START Data to examine

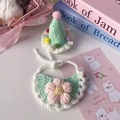 Close-up of handmade knit pet hat with pompoms and floral bib in pastel macaroon colors - One Size / Emerald Green Hat And Bib Style / Emerald Green Hat And Bib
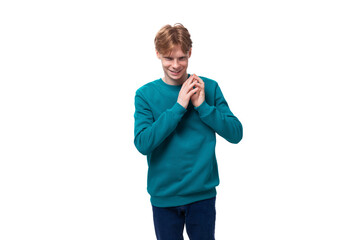 portrait of a positive bright young european man with red hair in a blue sweater on a white background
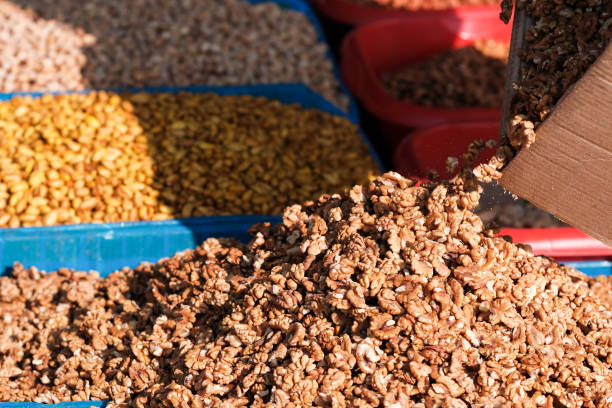 istock walnuts close up. nuts on the market are on the counter. 1188594735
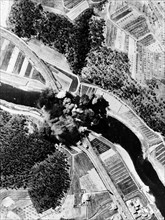 Allied bombers blow up a Nazi bridge near Florence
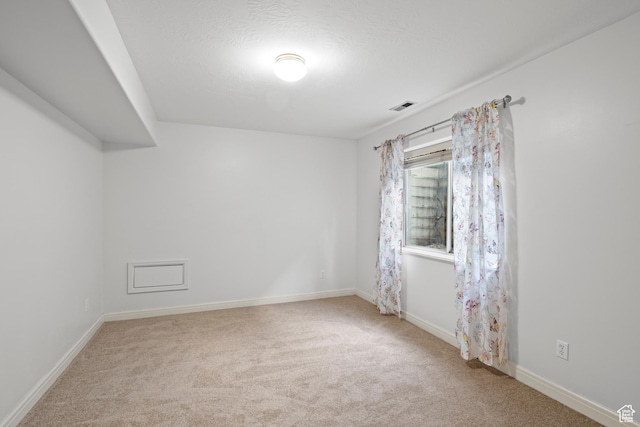 unfurnished room with carpet flooring and baseboards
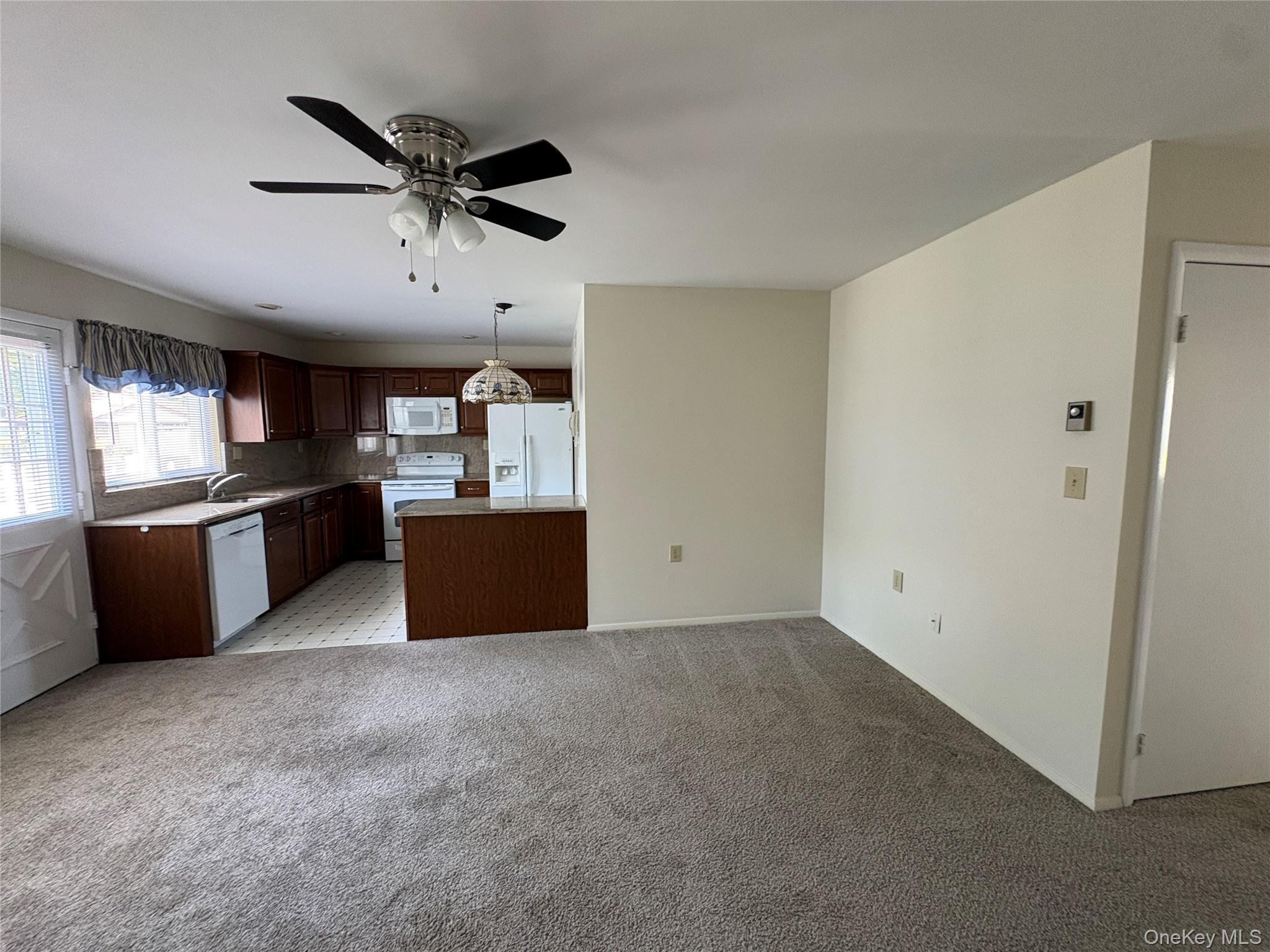 491 Stratford Lane Ridge, NY 11961 - Photo 12 of 24 a kitchen with stainless steel appliances kitchen island granite countertop a refrigerator and a sink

END Data to examine

### Required action:
What you need to copy is the run of lines from the one holding "Allied bombers blow" through the end of the data, exactly and only, both ends included, pictures omitted.

### Result of the exercise:
 Allied bombers blow up a Nazi bridge near Florence
 unfurnished room with carpet flooring and baseboards
 491 Stratford Lane Ridge, NY 11961 - Photo 12 of 24 a kitchen with stainless steel appliances kitchen island granite countertop a refrigerator and a sink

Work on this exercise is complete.